A elevação da taxa de importação pode não fazer, neste momento, grande diferença para indústrias como a pequena Ares Plast; todavia, alegam os enfronhados, será de capital importância para empurrar mais à frente os negócios do setor. “A meta é ganhar quanto for possível de participação no mercado, recuperando parte do que os brinquedos vindos do exterior tiraram dos fabricantes nacionais” avisa Synésio Costa. “Agora será mais vantajoso trazer de fora apenas os componentes de brinquedos”, observa Carlos Tilkian. O presidente da Estrela aproveita para passar um esclarecimento no tocante à competência da indústria brasileira em relação ao fornecimento de brinquedos eletrônicos. Ele diz que a alegada falta de competitividade nessa área não se dá por questões de capacidade de oferta, máquinas, desenho industrial ou qualquer outro fator ligado à produção. “Há nisso um erro de informação. O Brasil produz brinquedos eletrônicos, sim, pois fabricamos bonecas, carrinhos, produtos pré-escolares e muitos outros itens equipados com eletrônica embarcada.” O que não fazemos aqui, diz ele, são os chips eletrônicos. “Quem fabrica é Taiwan, que vende para a China e também para o Brasil”, conclui.
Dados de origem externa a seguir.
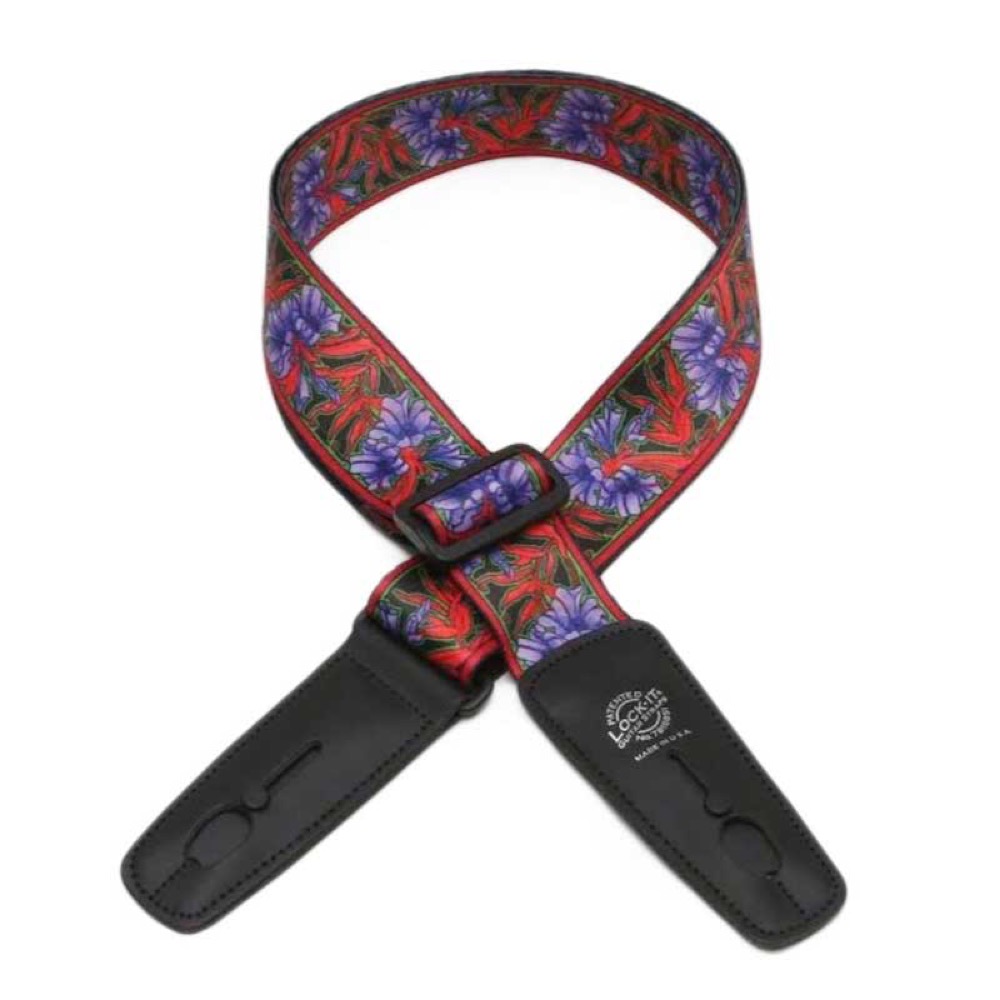 LOCK-IT STRAP PURPLE FLOWERS ロック機構付きギターストラップ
Se o câmbio não atrapalhar – a desvalorização do dólar pode pôr a perder os pretensos ganhos que o setor tenciona auferir com a taxa de importação a 35% –, as fábricas de brinquedos planejam pisar forte no acelerador e dar corda a seus projetos de expansão. A bem da verdade, mesmo com a concorrência externa tolhendo seus passos, o setor já vinha investindo. O número elevado de lançamentos na Abrin 2011 não deixa dúvidas quanto a isso, da mesma forma que as notícias sobre o aumento da área fabril das empresas.
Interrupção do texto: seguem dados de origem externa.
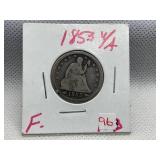1853 LIBERTY SEATED QUARTER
A Estrela, por exemplo, está prestes a colocar em atividade sua mais nova filial, mediante investimentos de R$ 8 milhões. Ela fica no município sergipano de Ribeirópolis, de 17 mil habitantes, e saiu do papel com o propósito, segundo Tilkian, de atender o crescente mercado consumidor da região em condições de competitividade com os produtos chineses, graças à economia no valor do frete.

Até mesmo a Mattel estaria pensando seriamente em fabricar internamente alguns de seus campeões de vendas. Nas últimas semanas a imprensa noticiou que a empresa estuda produzir no país a Barbie, as bonecas Little Mommy, os carrinhos Hot Wheels e jogos de tabuleiro. Segundo Roschel, os estudos de viabilidade vão indicar quais itens serão feitos no país com competitividade para abastecer o mercado brasileiro e, eventualmente, ser exportados.

A despeito de todas as adversidades, o mercado de brinquedos no Brasil ganhou músculos e hoje assiste à expansão do segmento varejista, parte por conta do aumento do poder de compra do brasileiro, parte – dizem os empresários do ramo – devido à avalanche de brinquedos made in China. Isso sem falar, é claro, da fartura de itens oferecidos pela indústria nacional. São 6 mil pontos de venda, muitos deles nas mãos de redes que começam a estender seus tentáculos Brasil afora. A Ri Happy, a maior delas, que opera 106 lojas (apenas duas são franqueadas), espera faturar este ano R$ 750 milhões – R$ 65 milhões a mais que em 2010 – e, segundo Ricardo Sayon, seu diretor comercial, chegar a 150 unidades comerciais até 2015. Já a PBKIDS, a segunda no ranking do setor, com 55 lojas e faturamento estimado de R$ 270 milhões em 2011, planeja abrir mais nove pontos comerciais até o final de 2012, como revela seu diretor comercial, Celso Pilnik. “O mercado de brinquedos é caracterizado pela diversidade e pela sazonalidade acentuada, com 75% do faturamento concentrado no quarto trimestre”, explica Aires Leal Fernandes, diretor de marketing da Estrela. Ele acrescenta que esse é um ramo em que os produtos têm ciclo de vida muito curto e que por isso demanda muitos lançamentos. Além disso, atende a um público itinerante e que é substituído rapidamente. Trocando em miúdos: fabricar brinquedos não é para amadores.